But upon their arrival to Lithuania they allegedly found that no other language than Russian is spoken in the country. The locals allegedly left them written notes in Russian and in English saying that they do not want the presence of NATO troops in Lithuania.

There is only one true fact about the text - the Czech soldiers are really training in Lithuania as part of the Training Bridge 2017 programme, and they are to return home on March 20, as Jan Šulc from the General Staff of the Czech army told the Sme daily. He clarified that Lithuanian is the language spoken in Lithuania, and that the soldiers also encountered Polish and Russian language. In fact, Poles and Russians comprise the biggest communities in Lithuania, after the Lithuanian majority.

The Czech soldiers took part in several public events, including the nationwide run in Vilnius and they were received positively by the public, according to Šulc.

“The post does not contain true information,” he said about the Facebook status.

The profile of Johanka Mydlářová spreads almost exclusively pro-Russian, anti-migrant, and nationalist posts. Some of them even refer to “white resistance”. But there was also a mention of the hoax about iodine pills and a radioactive cloud over Europe.

The picture of the girl giving the middle finger and wearing a T-shirt with a picture of Vladimir Putin has circulated among several websites and mostly refers to Serbian websites.

The profile picture of Johanka is a picture of a red-haired girl. The Sme daily found the picture in several photo banks via Google Images. Profile pictures from such sources are often the first sign that the profile is a fake.

"War in Europe is on, ISIS mercenaries are waiting for orders”

A Turkish journalist spent a year and a half among ISIS. He found that the organisation is controlled by foreign secret service agencies and that the refugee crisis is in fact an ISIS operation against Europe.

This is the message of an article that people share as a PDF through email and it also appears on so-called “alternative media”. Only the article about it from the Czech website Halo Noviny was shared on Facebook by at least 2,000 people. It contains true information too, but an anonymous author added his or her own claims, which cannot be fact-checked. Including the claim that the refugee crisis is organised by ISIS and women and children among the refugees only serve as a cover-up.

The article uses the often-repeated information that refugees coming to Europe have mobile phones, and claims that ISIS equips them with the phones.

This and other similar information is presented in the article as “evidence”, even though it never explains where and how the information came from or why the author believes that the presence of mobile phones in the hands of refugees proves their links with ISIS.

German intelligence services in fact did inform that ISIS members have infiltrated among the refugees. But no reliable source has ever stated that there would be hundreds of thousands of them or that the whole migration crisis is an organised operation.

A military operation in which thousands of people die while they are being transported to their destination would be a tragic failure. The UNHCR informed that 3,771 people died crossing the Mediterranean in 2015. Last year, the number exceeded 5,000.

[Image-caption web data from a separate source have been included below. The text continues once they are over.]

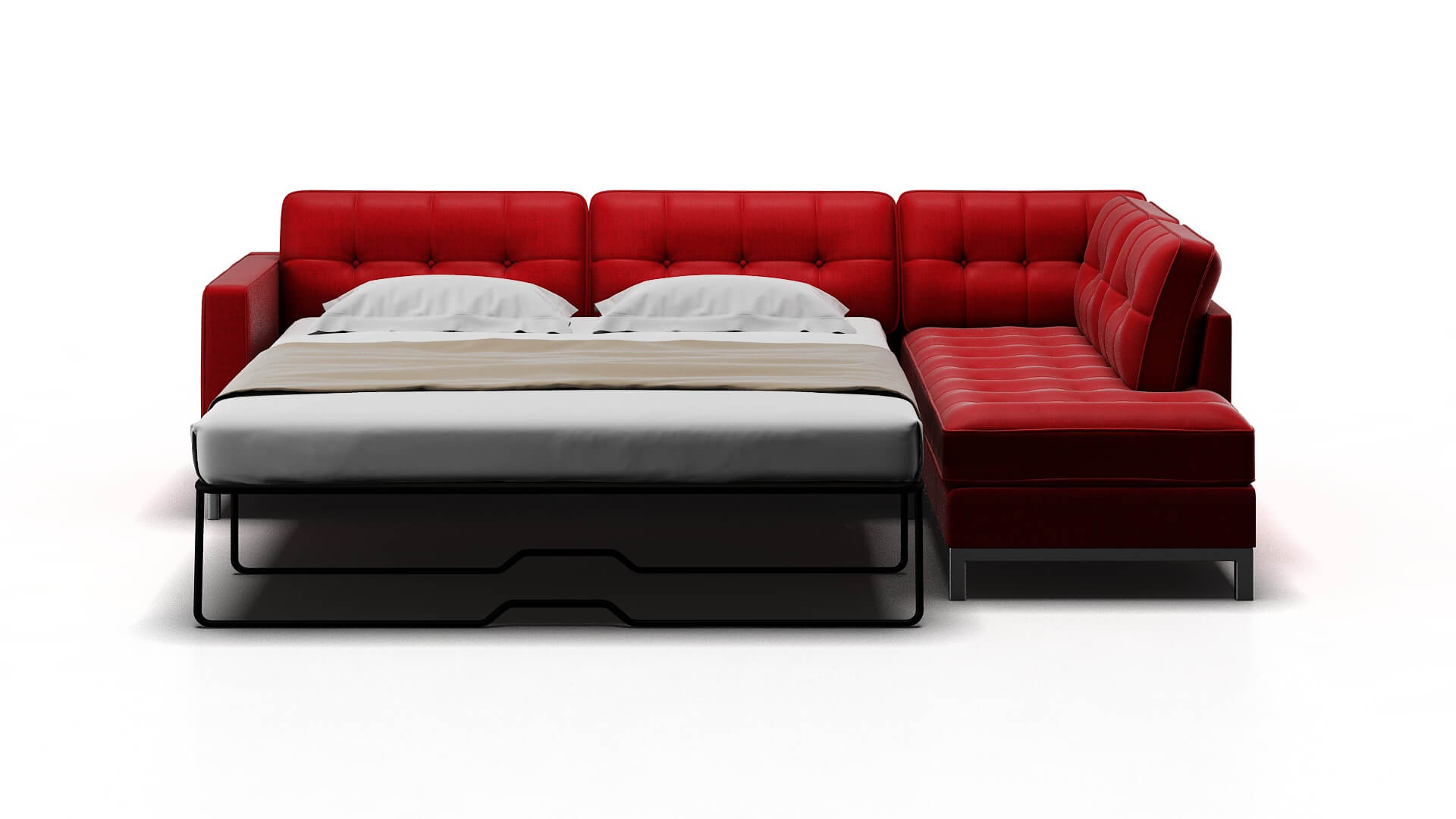Oxford Sorrento Berry Panel Sleeper Espresso legs 1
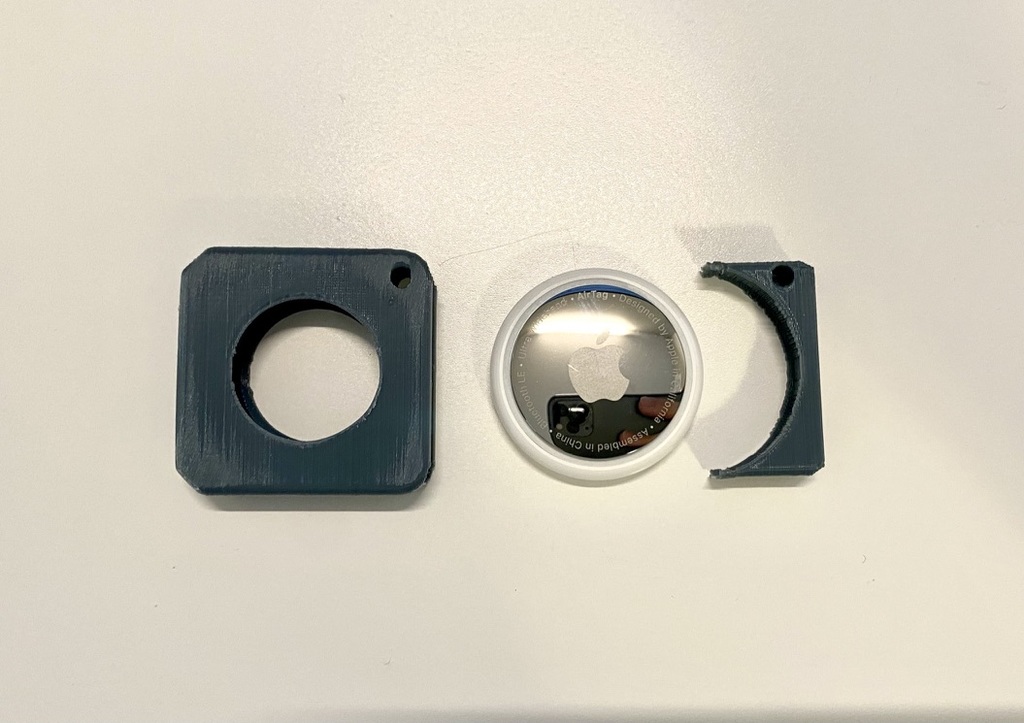 Miniatura 3 do modelo 3D Apple AirTag Case Keychain Mount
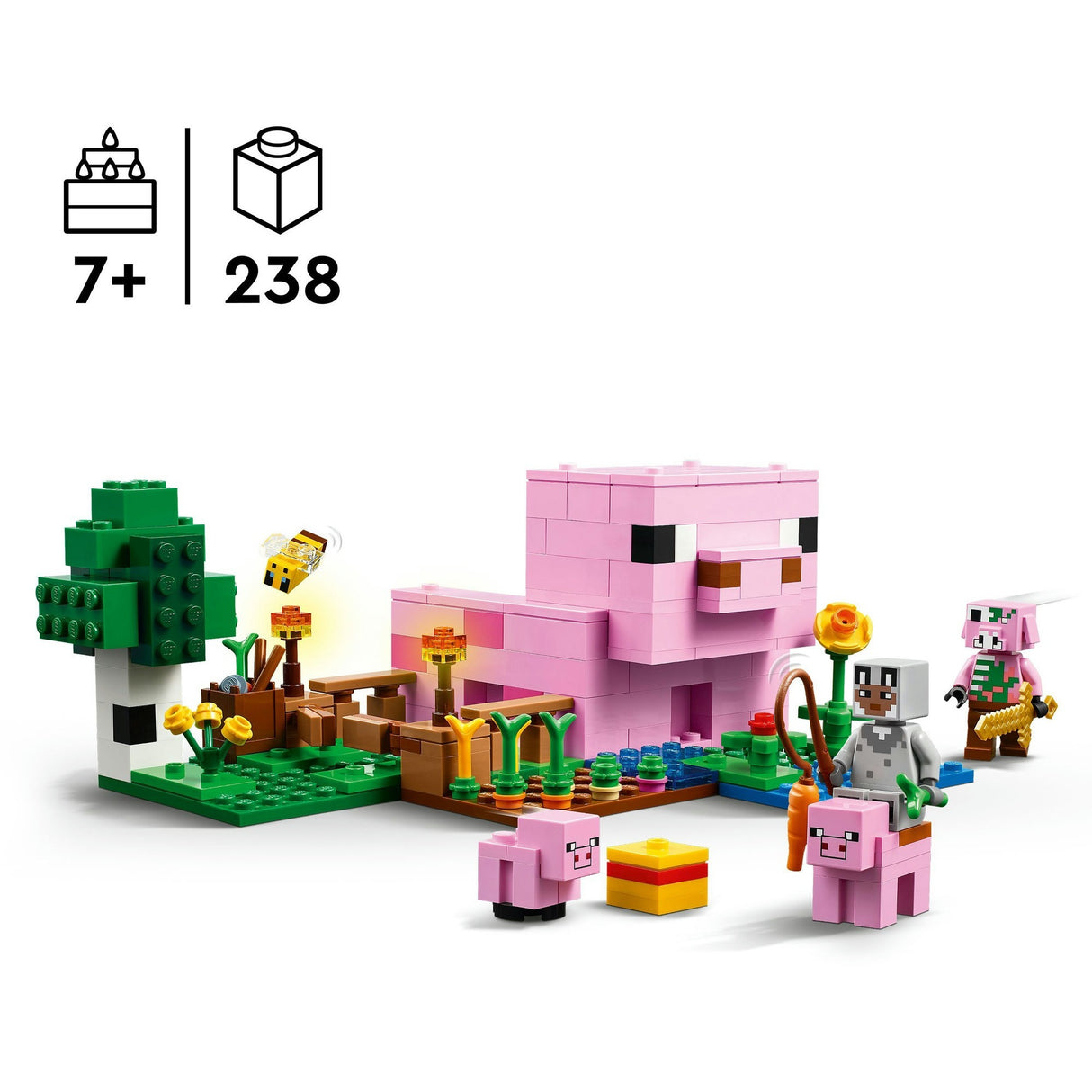 Lego minecraft het huis van het biggetje - 21268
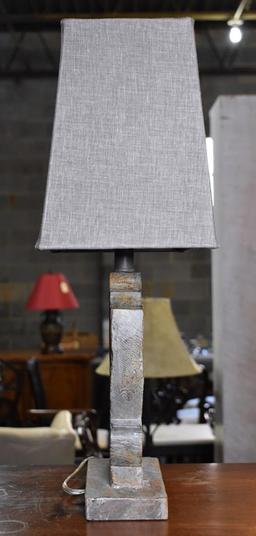 Contemporary Barbara Cosgrove Neutral Slate Stone Lamp
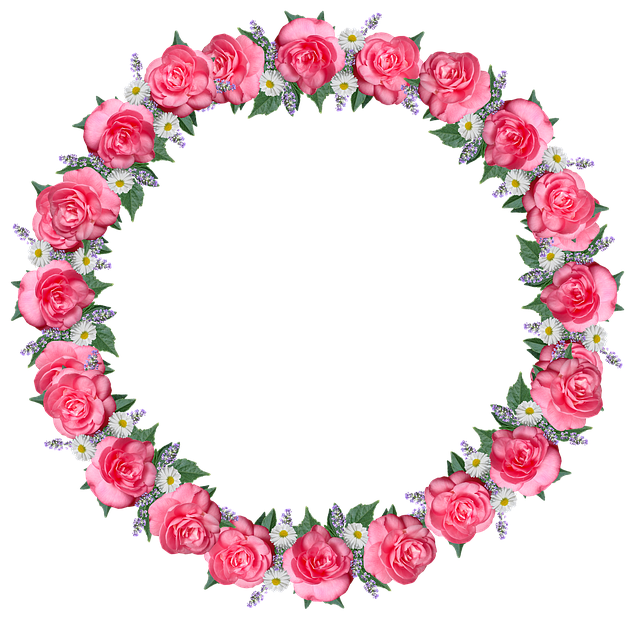 Download free HD stock image of Frame Border Free frame border wreath illustration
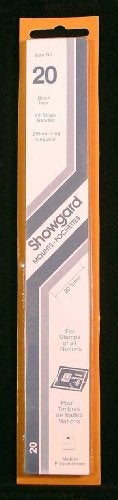 Showgard Strip Style Black Stamp Mounts Size 20 - Image 1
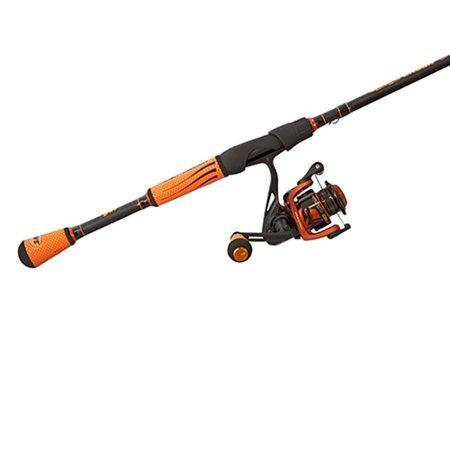 Lews Fishing Mach Crush Spinning Combo 6.2:1 11 Bearings 6'9" Length Ultra Light Power Ambidextrous-Fit Bitzz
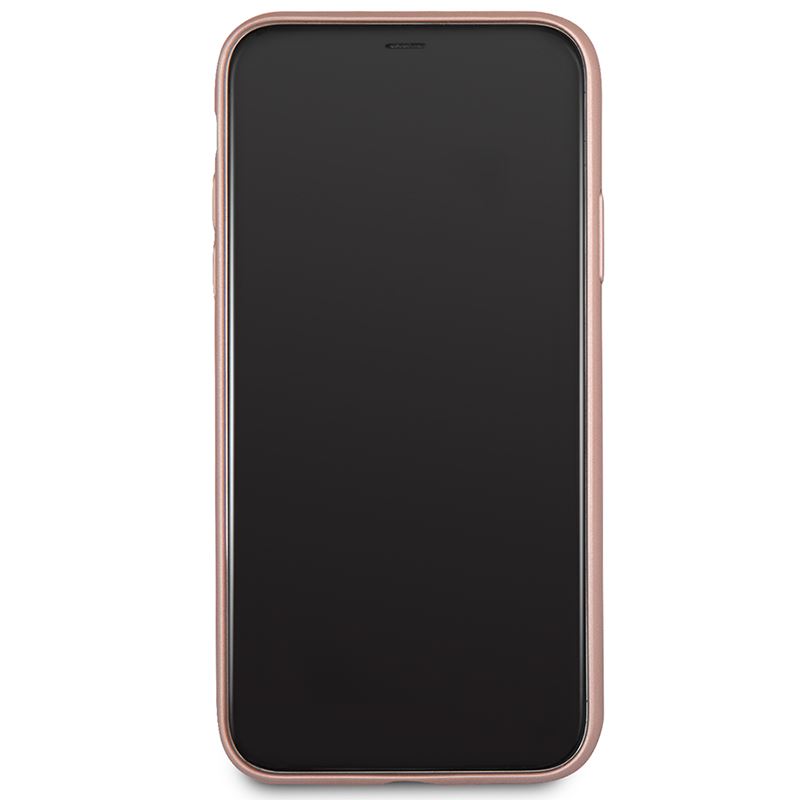 Guess Iridescent - Etui iPhone Xs / X (różowo złoty)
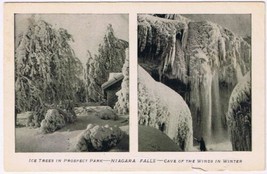 Postcard Ice Trees Prospect Park Niagara Falls Cave Of The Winds In Winter - £3.10 GBP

The text refers to the alleged work of the Turkish investigative journalist Mehmet Akula from the Al Ahram daily. The newspaper really exists in Egypt and is state-owned, but there is no trace of a reporter with that name on the internet. The only time the name is mentioned in the German news is in regard to the murder of a girl in 2004.

The Czech website Manipulatori.cz looked into the text and noticed that it has circulated since 2015 via “alternative media”.

Trump and the organs of dead children

American NGO Planned Parenthood performs abortions in the late stages of pregnancy and sells the fetuses for organs. And American President Donald Trump is ready to intervene.

Obviously, selling organs is illegal in the US and if it was really happening, the police should intervene rather than the president, and immediately rather than two years after the alleged video evidence was published.

Trump has only offered the NGO the possibility that he would not cut its financing if it stops performing abortions. But money from the government goes to reproductive health-related care, and not for abortions. The NGO has refused his offer.

The Hlavné Správy “alternative” website interpreted the news in this way: the NGO refused to provide the whole spectrum of basic health care for women and families and rather preferred abortions even in the late stages of pregnancy and selling the remains of the aborted children.

The article refers to a New York Times story, but it significantly twisted a quote by the vice-president of Planned Parenthood, Dawn Laguens (who is a woman but Hlavne Spravy writes about her as a man). The original quote is: “Providing critical health care services for millions of American women is nonnegotiable.” Instead, the website translated the quote into Slovak as “Providing critical health care services for millions of American woman is unthinkable”.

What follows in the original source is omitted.